It was Disraeli who supposedly said of the English heart of the industrial revolution that “What Manchester does today, the rest of the world does tomorrow.” At the time, Manchester truly was leading the world in building new sorts of machines and transport networks.
Today, it is Hungary that’s blazing a path for others. It’s not as shiny as Manchester’s innovations and certainly not new (illiberalism is as old as human civilisation). But a substantial part of the American political establishment, not least Republican former vice-president Mike Pence, is set to follow in Budapest’s wake.
In late September, Mr Pence was at a right-wing summit with Hungarian Prime Minister Viktor Orban. The conference, which included other nationalist European politicians, had “family values” on the agenda. Mr Pence spoke passionately on the “crisis that strikes at the very heart of civilization itself”, namely the fragmentation of the nuclear family, low rates of marriage and high incidence of divorce and abortion.
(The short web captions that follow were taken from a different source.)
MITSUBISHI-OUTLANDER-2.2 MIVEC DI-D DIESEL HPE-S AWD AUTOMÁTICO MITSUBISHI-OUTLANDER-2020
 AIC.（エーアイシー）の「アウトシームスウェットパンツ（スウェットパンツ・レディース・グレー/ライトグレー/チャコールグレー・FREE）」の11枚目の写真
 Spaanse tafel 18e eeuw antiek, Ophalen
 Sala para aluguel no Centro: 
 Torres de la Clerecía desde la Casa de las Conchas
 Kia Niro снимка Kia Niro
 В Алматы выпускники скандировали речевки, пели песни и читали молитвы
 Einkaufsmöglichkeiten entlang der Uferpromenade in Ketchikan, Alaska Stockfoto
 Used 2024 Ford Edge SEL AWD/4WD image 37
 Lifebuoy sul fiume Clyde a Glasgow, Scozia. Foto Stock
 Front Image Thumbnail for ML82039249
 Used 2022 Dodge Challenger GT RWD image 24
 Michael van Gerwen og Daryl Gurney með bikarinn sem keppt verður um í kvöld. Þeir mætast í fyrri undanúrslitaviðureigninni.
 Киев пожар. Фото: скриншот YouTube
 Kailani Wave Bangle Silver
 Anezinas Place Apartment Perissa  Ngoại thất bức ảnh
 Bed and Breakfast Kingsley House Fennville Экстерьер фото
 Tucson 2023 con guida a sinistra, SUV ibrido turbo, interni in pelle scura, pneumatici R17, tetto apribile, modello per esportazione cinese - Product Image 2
Mr Pence had sought a path increasingly trodden by Americans on the right of the ideological spectrum. In August, Fox News host Tucker Carlson was in Hungary, paying obeisance to Mr Orban. It remains to be seen who jets in to Hungary from America next year, when Budapest hosts another major gathering — the Conservative Political Action Conference, no less, which is the annual gathering of the American right.
Much is being made of the ideological kinship of the Hungarian establishment and the American right. What may be more worrying by far is the twinning of political paths.
Consider what’s happened in Hungary and the implications for April’s national elections. As Celestine Bohlen, former New York Times Budapest bureau chief, recently noted on Persuasion, Mr. Orban dominates “Hungary’s politics, its judiciary, its media and society. (He) has come by his considerable power legally, according to rules that he has been able to rewrite. Over the last decade, since his reelection in 2010, he has used a parliamentary supermajority to ram through laws that have tightened his grip on the country and its institutions, laying the foundation for what he calls an ‘illiberal democracy’, and others call a one-party state”.
Legislators of Mr Orban’s Fidesz party “have enacted repeated changes to the Hungarian constitution, weakening the powers of the Constitutional Court to act as a check on the power of the government. Other laws have undermined the independence of the judiciary, giving the justice minister the right to name judges and decide their budgets and promotions. The government has also asserted its control over the prosecutor’s office, by granting its current occupant an unusual nine-year term, and eroded the independence of the national media watchdog agency and the central bank. This near-monopoly on power has led to pervasive corruption, with the spoils, including media outlets, divided among Orbán friends and relatives”.
He has also, Ms Bohlen writes, rejigged “the electoral system in ways that help guarantee Fidesz’s electoral victories…Orbán’s opponents would have to win by more than three per cent of the national vote to defeat his party next spring”.
And crucially, she says, “Fidesz has succeeded in making it almost impossible for a new government to reverse course. Without a supermajority of its own, the opposition coalition would be hard-pressed to dislodge Orbán appointees from key positions of power, let alone push forward their own agenda”.
This is the system that Mr Pence and other members of the US Republican Party are saluting. In truth, Republican state legislatures are already pushing the same sort of anti-democratic electoral agenda.
What Hungary does today, the American right is already busily pursuing. Perhaps Hungary isn’t a template so much as a reaffirmation of the road being taken.